Il s'agit donc du traditionnel duo entre deux adolescents, le narrateur accompagnant celui au destin exceptionnel. On l'a déjà vu dans Spin et c'est exactement de même schéma. Leur amitié va perdurer tout au long du livre en passant par des haut et des bas, reste qu'Adam, le narrateur, incarne la pureté, la gentillesse et l'innocence jusqu'à la bêtise ... Ce qui, bien qu'utile à l'histoire, est assez crispant au fil des pages.
Là où la construction de "Spin" était audacieuse et captivante (en alternant les époques), "Julian" suit rigoureusement le cours chronologique des évènements et donc s'attarde bien trop longuement sur les aspects militaires de la carrière de Julian. Le livre présenté par Adam comme une biographie aurait gagné à aborder des situations plus personnelles au lieu des grandiloquents récits de l'armée, mais n'en est-il pas de même pour la majorité des biographies d'hommes de pouvoir ?
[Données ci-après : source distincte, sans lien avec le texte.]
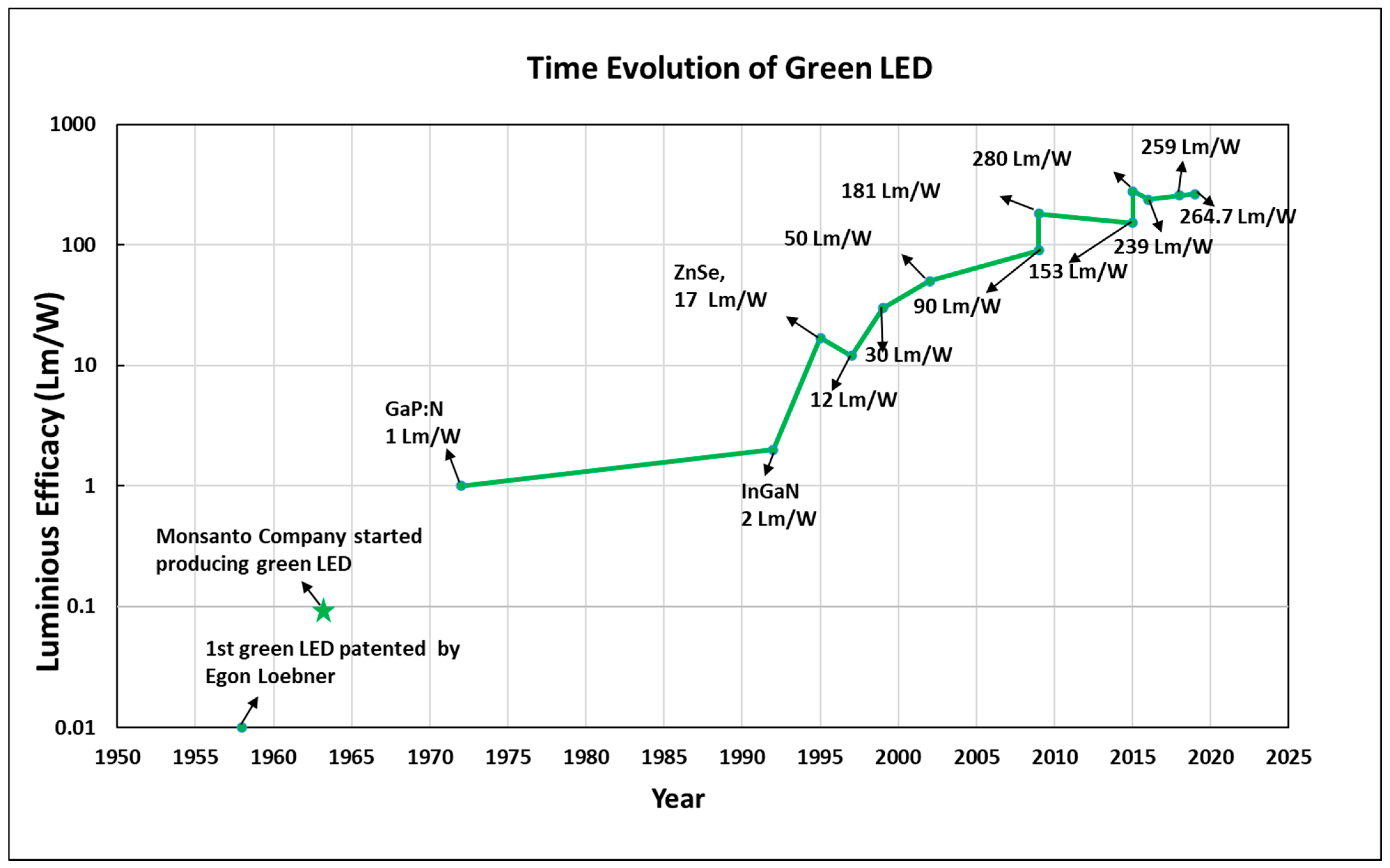 Photonics 11 00491 g013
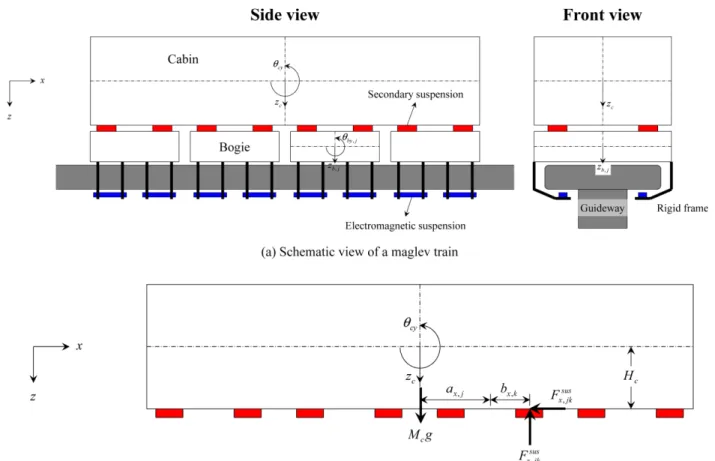 Fig. 1 Maglev train-guideway interaction system
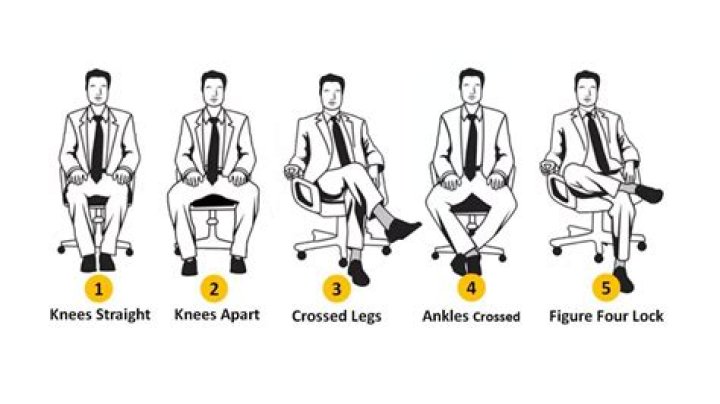 Should you sit down between sets?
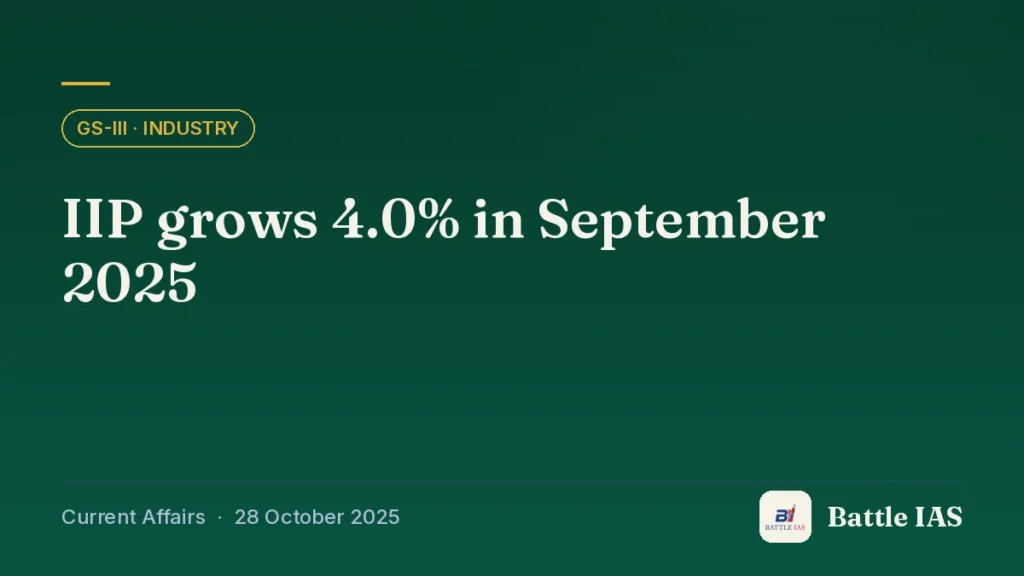 Battle IAS current affairs title card: IIP grows 4.0% in September 2025 (GS3 · Industry, 28 October 2025)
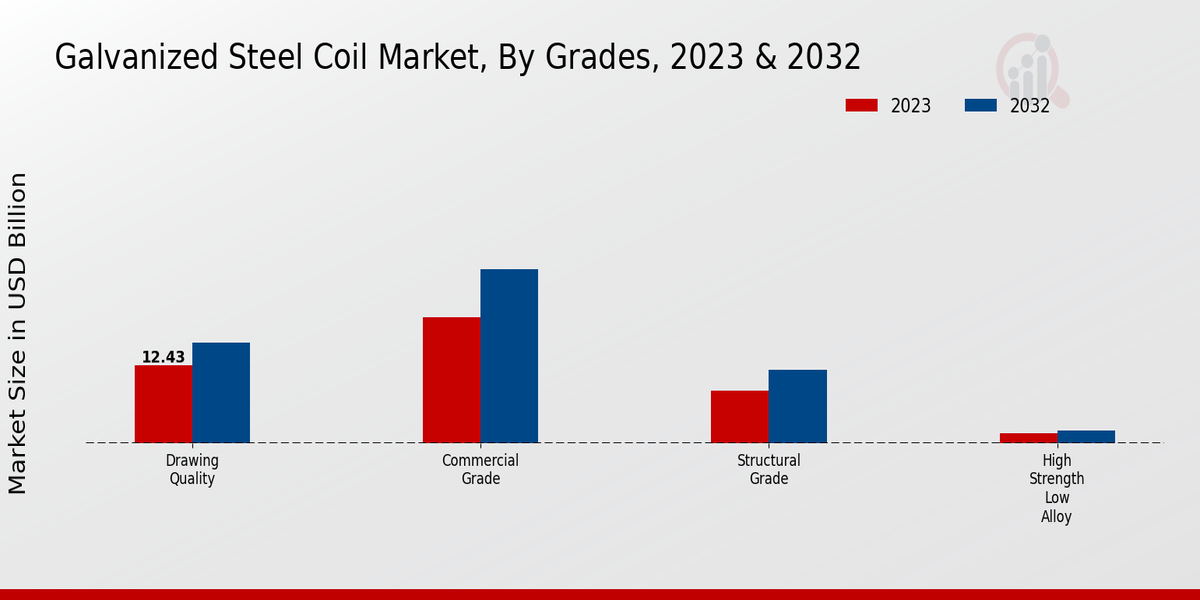 Galvanized Steel Coil Market Grades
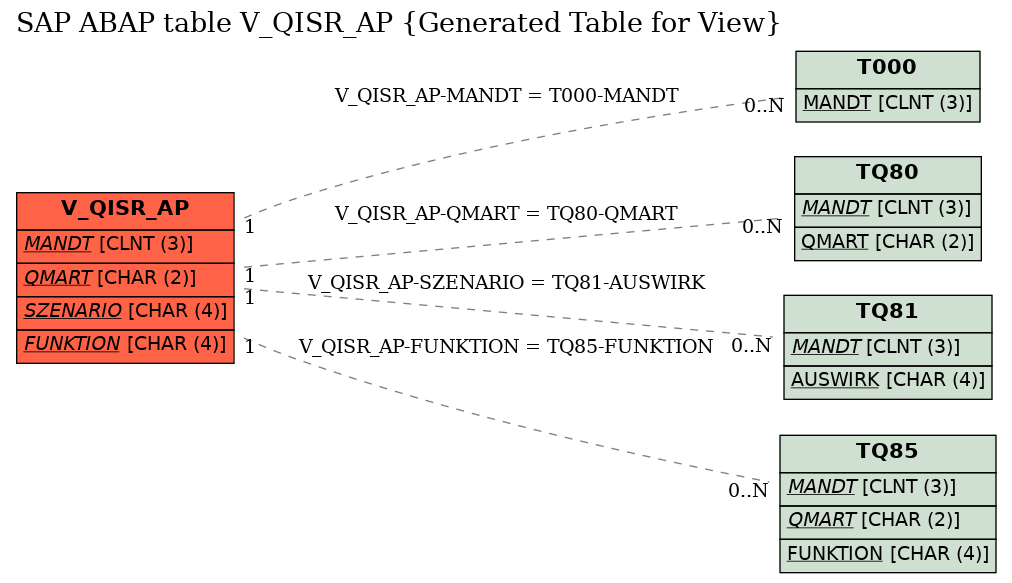 E-R Diagram for table V_QISR_AP (Generated Table for View)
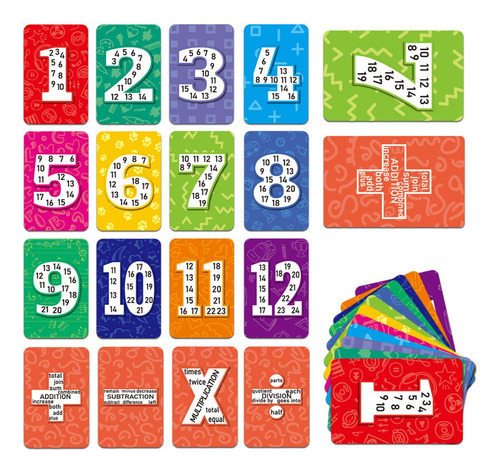 Tarjetas Flash Aritméticas Cartas De Flash De Suposición Adi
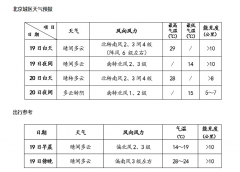 北京晴间多云，白天阵风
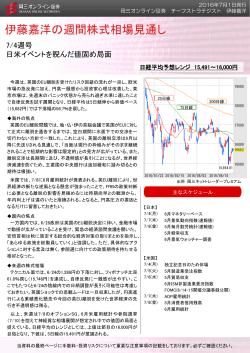 伊藤嘉洋の週間株式相場見通し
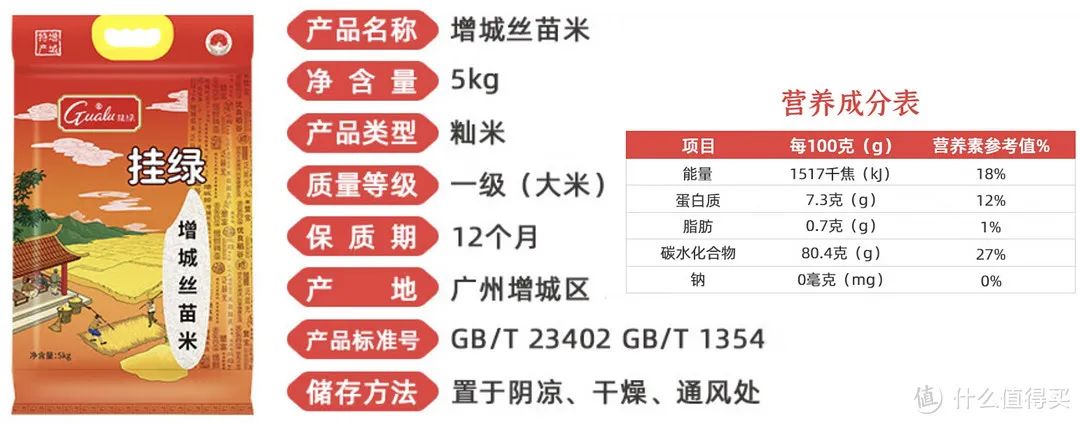 籼米、粳米是啥？珍珠米、香米、五常大米有何区别？关于大米的那些事！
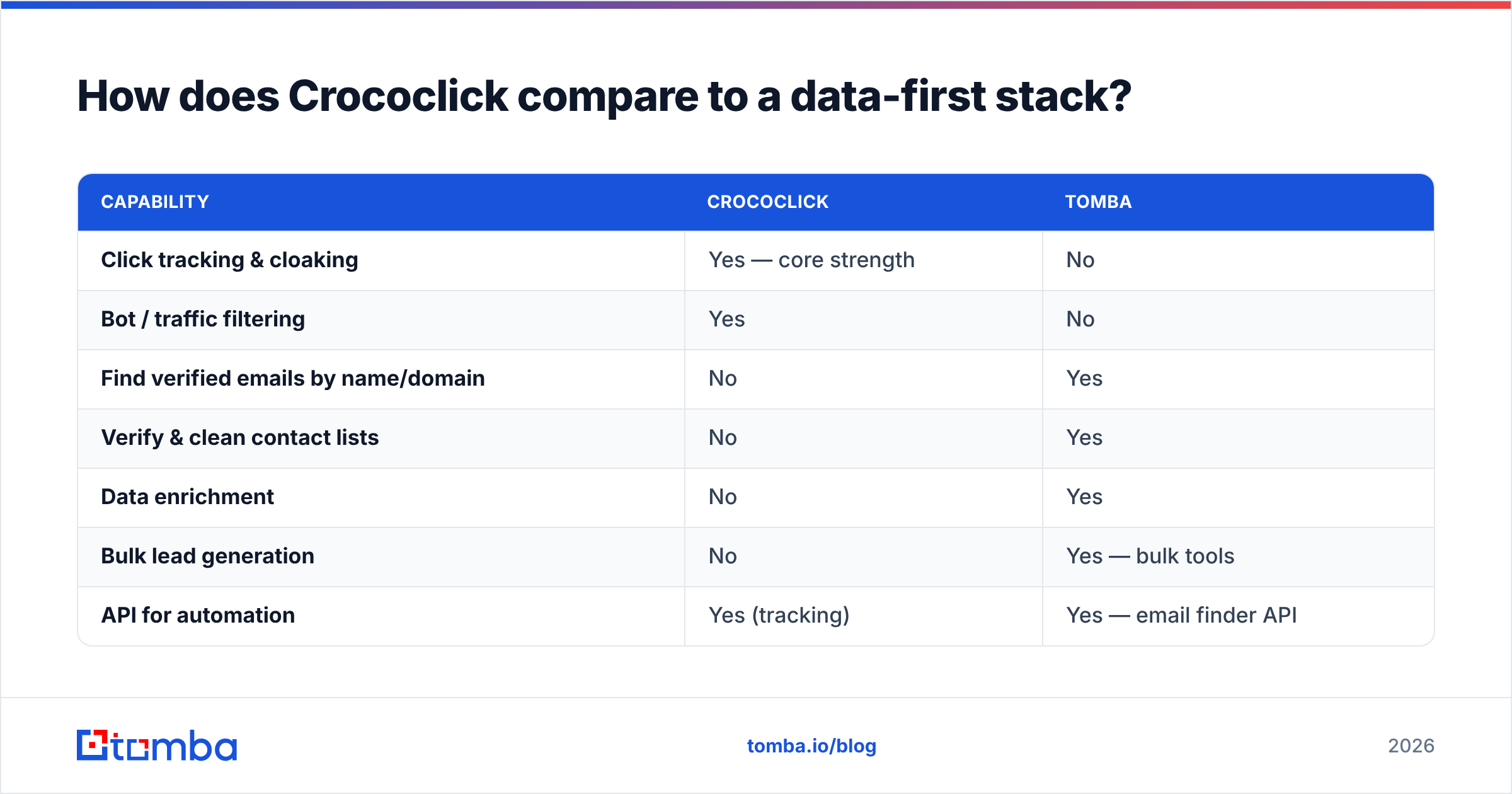Diagram: How does Crococlick compare to a data-first stack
Malgré que l'histoire soit réellement centrée sur les personnages masculins, Julian, Adam & Sam (le protecteur de Julian), les femmes ont toute leur place et elles incarnent chacune une facette importante de la société. Emily, la mère de Julian est l'aristocrate éclairée en désaccord tacite avec l'Eglise et Calyxa, la femme d'Adam, incarne une passionaria révolutionnaire et provocante.
On commence à en avoir l'habitude mais Wilson confronte une nouvelle fois l'humanité au changement, au lieu d'être un bouleversement radical et brutal comme "Spin" ou "Les Chronolithes", dans "Julian" c'est l'humain même qui doit évoluer quant à son approche spirituelle du monde (redécouverte d'un athéisme, encore jeune) ou son rapport à la connaissance et au progrès.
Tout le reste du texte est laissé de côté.